Should we believe in parallel universes?


According to many theories, our universe is just one amongst many. But should we take them seriously without any experimental evidence? Two experts speak up.

(From "Horizons" no. 109 June 2016)​​​

​Yes, keep an open mind, says the astrophysicist Martin Rees.

How large is physical reality? We can only see a finite volume out to the horizon – a shell around us, delineating the distance light can have travelled since the big bang. But that shell has no more physical significance than the circle that delineates your horizon if you're in the middle of the ocean. We'd expect far more galaxies beyond the horizon, and we are surely comfortable that those galaxies exist even though we can't see them.

However, even this extended reality might not be the end of the story. While space and time could be limited to the aftermath of 'our' big bang, some theories suggest that our big bang is in fact one of many. In other words, what we've traditionally called 'the universe' may be just one island in a perhaps-infinite archipelago of space-time. That prompts the question: why should these domains have a different epistemological status to the galaxies beyond our visible horizon?
Some claim that unobservable entities aren't part of science. But I think that's the wrong way to look at things. We can't look inside black holes, but we believe what relativity says about their interiors because this theory correctly describes the phenomena that we can observe. Likewise, if we had a model that described the universe in its earliest moments and that model were based on physics that was corroborated in other ways, we should take the model seriously if it predicted multiple big bangs.

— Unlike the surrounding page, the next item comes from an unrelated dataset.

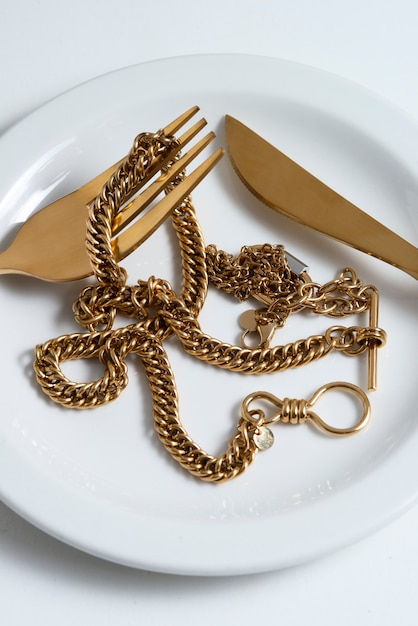 Flat lay gold chains and cutlery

Another bone of contention is the idea (part of string theory) that each universe within the multiverse could be governed by its own set of physical laws. Were this the case, there would then be nothing surprising about the fact that we observe the fundamental constants – the numbers that determine the kind of universe we live in – as being tuned to permit the emergence of life. We would of course live in one of the universes where an observer could evolve.

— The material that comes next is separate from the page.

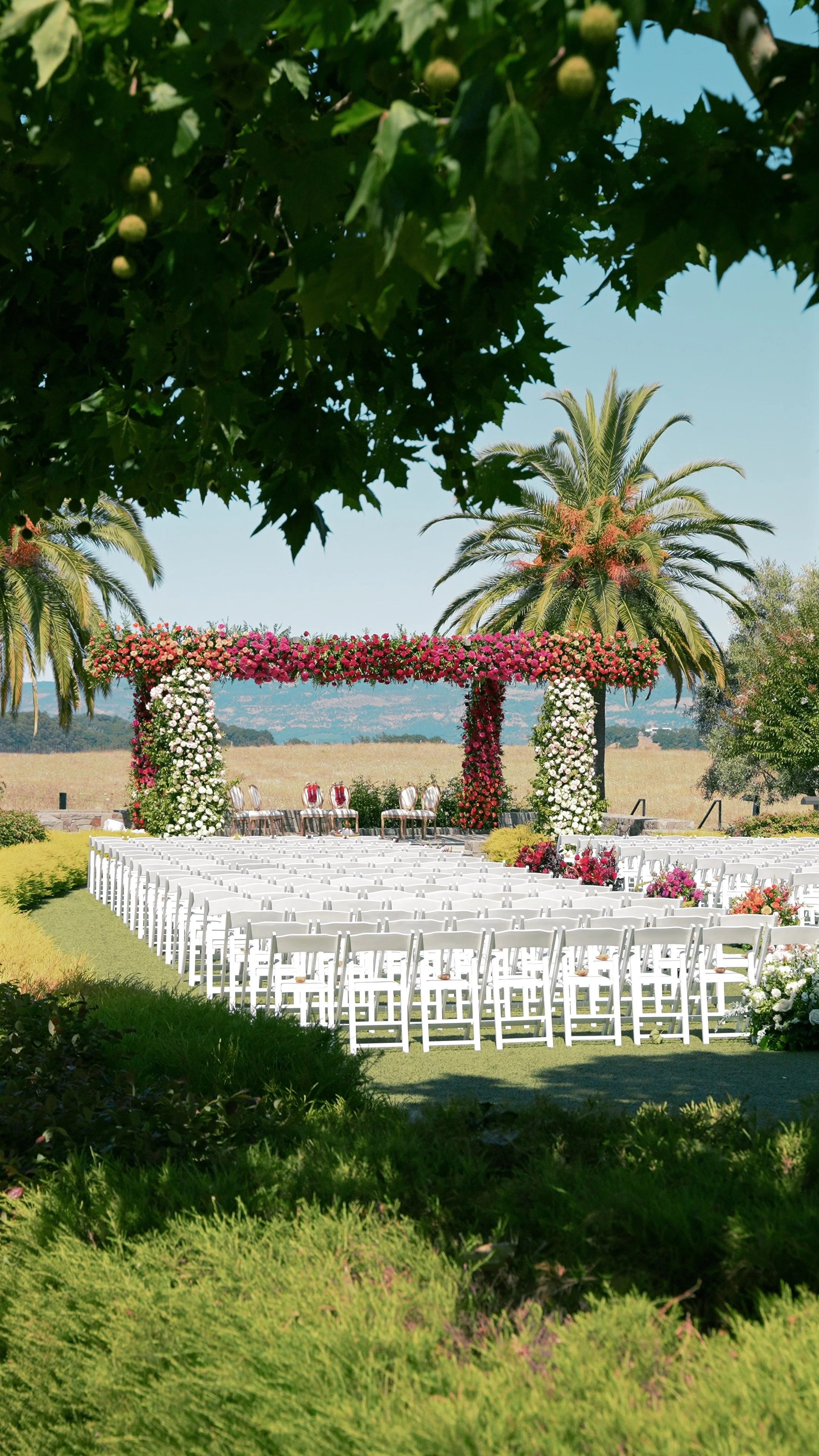 Outdoor wedding ceremony setup with white chairs, a floral arch with pink, red, and white flowers, and tropical trees including palm trees, set in a scenic rural area.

This would mean that the fundamental constants are mere environmental accidents – secondary consequences of some deeper theory. That naturally disappoints ambitious theorists, who desire deep explanations for the world around us. But our preferences are irrelevant to the way physical reality actually is. We should surely be open-minded about the possibility of many universes.

No, evidence is insufficient, says the theoretical physicist Carlo Rovelli.

The world could be vaster than the region we have mapped out so far. In the past we repeatedly discovered it to be larger than we had thought. But at each step, it was evidence that convinced us. Seventeenth-century scientist Johannes Kepler showed that a Sun-centred model of the universe better predicted planetary motion than did an Earth-centred one, while at the beginning of the twentieth century the astronomer Henrietta Leavitt developed a new technique that revealed nebulae to be distant galaxies.

The multiverse has no such empirical basis. In fact, there are numerous, quite different, versions of the idea: a zoology of multiverse types, each with its own theoretical motivation. For example, some cosmologists posit many distinct big bangs, each generating a universe. Some physicists, meanwhile, try to make sense of quantum mechanics' strangeness by imagining that our universe continually branches out into multiple parallel universes.

An early version of the idea was put forward in the 1990s by the theoretical physicist Lee Smolin, who suggested that universes reproduce via black holes: each black hole giving rise to a new child universe. This mechanism implied a Darwinian evolution that selected the universes that generate more black holes – a fascinating extension of biological concepts to the cosmos. Indeed, Smolin, unlike many proponents of the multiverse, at least tried hard to deduce observational consequences.

A common argument offered to justify the multiverse is that it could 'explain' why the constants of nature appear to be fine-tuned to our existence. But this argument is upside down. The fundamental constants determine the way nature works and therefore what exists, not the other way around. If the constants were different, the universe would just be different – perhaps much richer and more complex, we don't yet know enough to say.

I hope it is clear that I respect colleagues who speculate. Maybe the multiverse idea will one day give us a serious testable prediction. But until then physicists should be cautious in selling their speculations as knowledge. It is easy for scientists to get carried away by their imagination, and the history of science is full of fascinating ideas that turned out to be useless. Claiming that we know what lies outside the presently observable universe is like saying that we have evidence for angelic choirs outside the fixed stars.


Sir Martin Rees is a professor at Cambridge University. He is Astronomer Royal and a former president of the Royal Society.

Carlo Rovelli is a professor at Aix-Marseille University in France. He co-founded the theory of loop quantum gravity.